Embodiments are to provide a semiconductor device capable of improving reliability and a data storage system including the same.

A semiconductor device according to some embodiments includes: a substrate, a gate stacking structure that includes a plurality of interlayer insulating layers and a plurality of gate electrodes that are alternately stacked on the substrate, a channel layer that extends in a first direction and into the gate stacking structure, where the channel layer is electrically connected to the substrate, a channel insulating layer that at least partially surrounds the channel layer, and a plurality of dielectric layers that are between the channel insulating layer and the plurality of gate electrodes, extend along a circumference of the channel layer, and are spaced apart from each other in the first direction, where each of the plurality of dielectric layers includes: a ferroelectric pattern that at least partially surrounds the channel insulating layer, and an anti-ferroelectric pattern that at least partially surrounds the ferroelectric pattern.

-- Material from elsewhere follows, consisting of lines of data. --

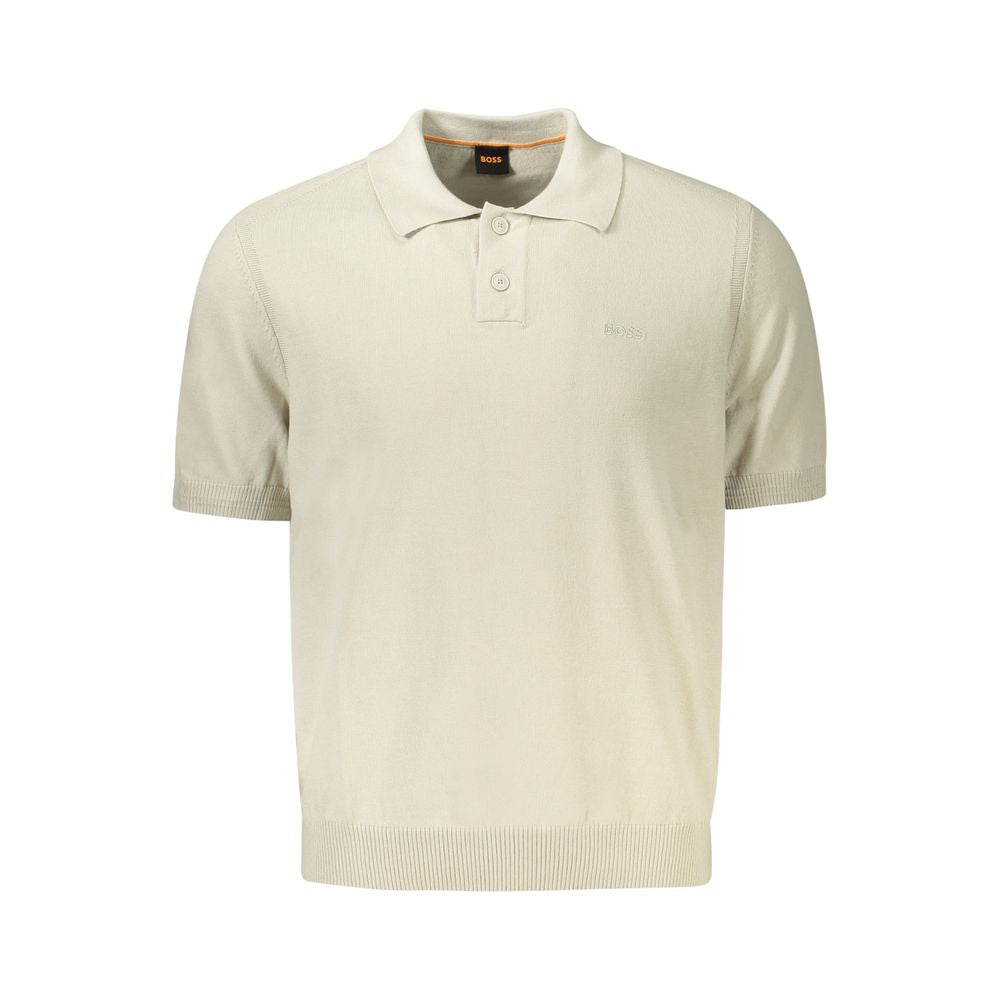 Hugo Boss beige cotton short-sleeved sweater with two buttons and embroidery logo, perfect for casual or formal occasions.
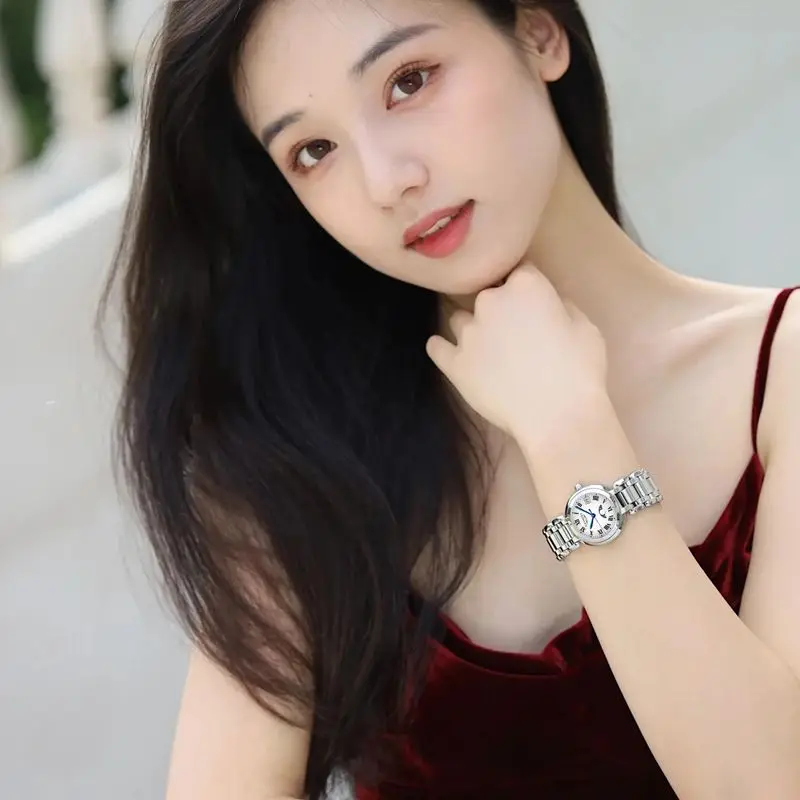 2025 new fully automatic women's watch fashion trend simple student light luxury leisure waterproof quartz watch birthday gift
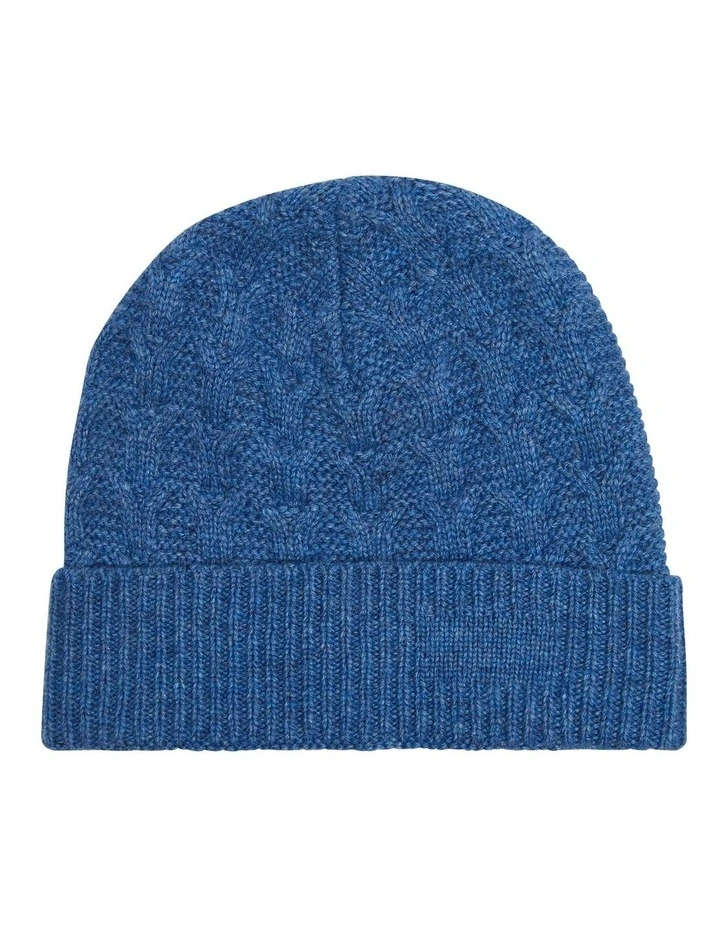 Eric Cable Knit Beanie in Heather Blue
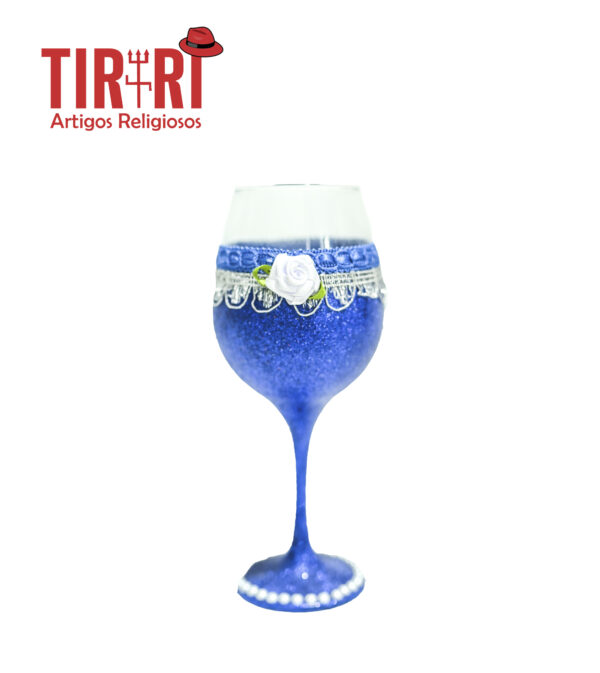 TAÇA LUXO AZUL C/DETALHES EM BRANCO 22X8CM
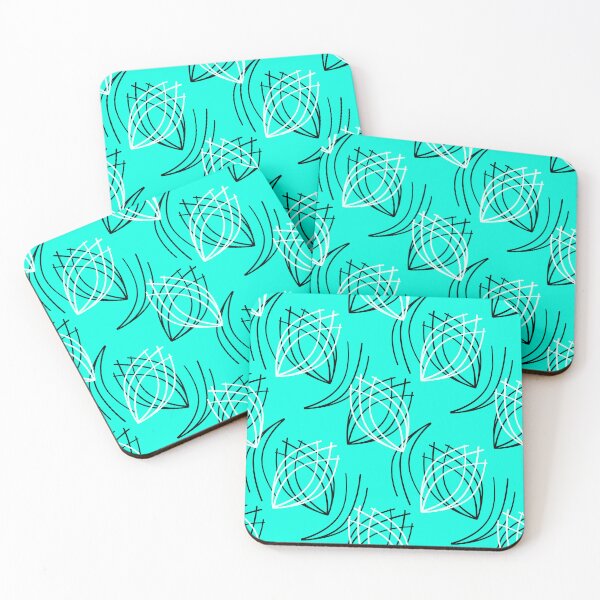 Item preview, Abstract lines on a retro turquoise background designed and sold by fuzzyfox.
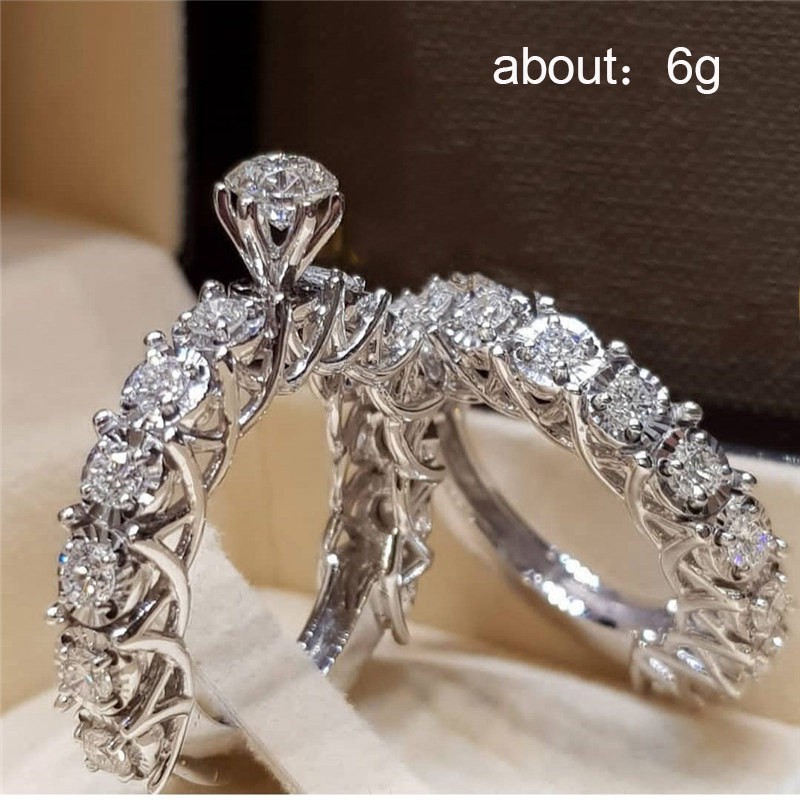 Fashion Flash Diamond Round Zircon Engagement Ring Ladies Ring Wholesale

A semiconductor device according to another embodiment includes: a substrate, a gate stacking structure that includes a plurality of interlayer insulating layers and a plurality of gate electrodes that are alternately stacked on the substrate, a channel layer that extends in a first direction and into the gate stacking structure, where the channel layer is electrically connected to the substrate, a channel insulating layer that at least partially surrounds the channel layer, and a plurality of dielectric layers that are between the channel insulating layer and the plurality of gate electrodes, extend along a circumference of the channel layer, and are spaced apart from each other in the first direction, where each of the plurality of dielectric layers includes: a conductive pattern that at least partially surrounds the channel insulating layer, a ferroelectric pattern that at least partially surrounds the conductive pattern, and an anti-ferroelectric pattern between the ferroelectric pattern and a respective one of the plurality of gate electrodes.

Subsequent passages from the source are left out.